# Looking for a sub 40k laptop with Nvidia MX150 GPU



## abirthedevil (Dec 10, 2017)

*1) What is your budget? *40k INR


*2) What size & weight consideration (if any) would you prefer?*

Mainstream- 15.6"

*3) What are the primary tasks you will be performing with this notebook? 

Daily driver, photo and video editing, media consumption, gaming at low settings hence the MX150*


*5) Any typical configuration in your mind you're eying for ?
i5 8th gen, 1tb HDD, ODD(would be swapped out for SDD), 4Gig of RAM would be enough but if I get more I ain't complaining.*


*4) Are there any brands that you prefer or any you really don't like?*
a. Like: Open to all except HP
b. Dislike: HP, their chassis is a nightmare when it comes to thermal performance. 

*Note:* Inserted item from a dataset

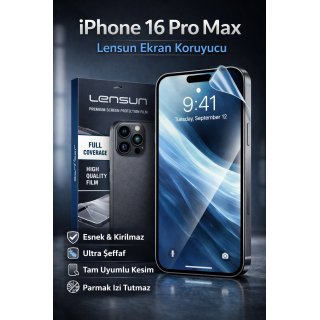 iPhone 16 Pro Max Lensun Esnek Kırılmaz Ultra Şeffaf Ekran Koruyucu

*6) Anything else you would like to say?*

Screen resolution *( *768p (*HD*) / 900p / 1080p (*Full HD*) *) -HD is all I get*
Battery back up *(* normal (*3-4hrs*) / extended (*5-7hrs*) *)- Good battery backup is appreciated but 4hrs is not a deal breaker*
Purchase place *(* Online (*eg - flipkart, infibeam*) / Local / Abroad (*do mention the country*) *- Online works best, local does but is a pain as I am residing at Port Blair right now, Abroad for a mainstream laptop? Noway. *


----------



## SaiyanGoku (Dec 10, 2017)

Only options in your budget:
*www.amazon.in/Acer-Aspire-A515-51G-i5-8250U-GeForce/dp/B077B2DLY1/

Buy Acer Aspire 5 (NX.GT1SI.001) Core  i5-8250U, NVIDIA  GeForce  MX150 Online at Low Prices in India - Paytmmall.com

Buy Acer Aspire A515-51G Ultrabook (Core i5 (8th Gen)/4GB RAM/1TB HDD/39.63 cm (15.6)/Dos/2GB mx150 DDR5 Graphics) (Steel Grey) Online at Low Prices in India - Paytmmall.com

But those are from Acer so I won't recommend any unless you trust them.


----------



## abirthedevil (Dec 10, 2017)

Dude,why the bias against Acer? of all the laptops I have used the one that has served me the best has been my Acer 5740G which has been with me since 2010, incidentally this one replaces the 5740. Btw thanks for the suggestions.


----------



## SaiyanGoku (Dec 10, 2017)

abirthedevil said:


> Dude,why the bias against Acer? of all the laptops I have used the one that has served me the best has been my Acer 5740G which has been with me since 2010, incidentally this one replaces the 5740. Btw thanks for the suggestions.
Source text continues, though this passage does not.